My daughter is a drama queen but somehow I believed her this time. I could see from the greenish color of her skin that she was telling the truth.
“What do you want to do?”
“I think I need to go to rehab. I really do. It terrifies me. I’ll lose my job at Holly’s. But otherwise I think I’ll lose my life.”
I hold her in my arms smelling the sour smell of cigarette tobacco and vomit. I remember her baby smell, her sweet head smelling of baby oil, her sweet tush smelling of baby crap. How can your children get so far away from where they started?
I immediately start making phone calls. By that night, Molly and I are on a plane for Minnesota.
Even though it’s November, it’s midwinter in Minnesota. It’s always midwinter in Minnesota. We are standing in baggage claim when a chubby woman in a parka comes up to us.
“Molly?” she says.
“I’m Erica, this is Molly.”
“I’m your transportation,” she says. “I’m Mary M.”
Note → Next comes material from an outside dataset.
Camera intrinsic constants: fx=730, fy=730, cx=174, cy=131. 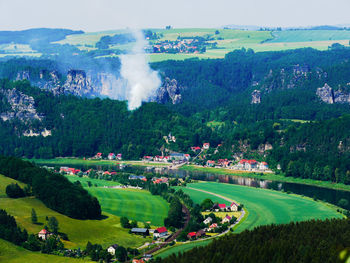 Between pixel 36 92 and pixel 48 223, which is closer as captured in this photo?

We get into a station wagon and drive north. It starts snowing. I hold Molly’s hand.
“I’m scared, Mom.”
“No reason to be scared,” says Mary calmly, “the worst is behind you.”
About two hours north of the airport, we arrive at a group of brick buildings in the wilderness. There is a frozen lake, tall pine trees, fields of snow.
Getting out of the car, I see that my breath is making puffs of smoke in the night air. Molly and I are led into an office where a short black man with a clipboard has some questions for us. We fill out papers, sign releases.
“I need to talk to Molly alone now,” he says. “Probably you should wait outside.”
“Don’t go, Mom.”
“I think I should.”
“Molly,” says the man, a counselor called Jim R., “I need to ask you some specific history of what brought you here and I think you might be more comfortable talking if your mother isn’t here.”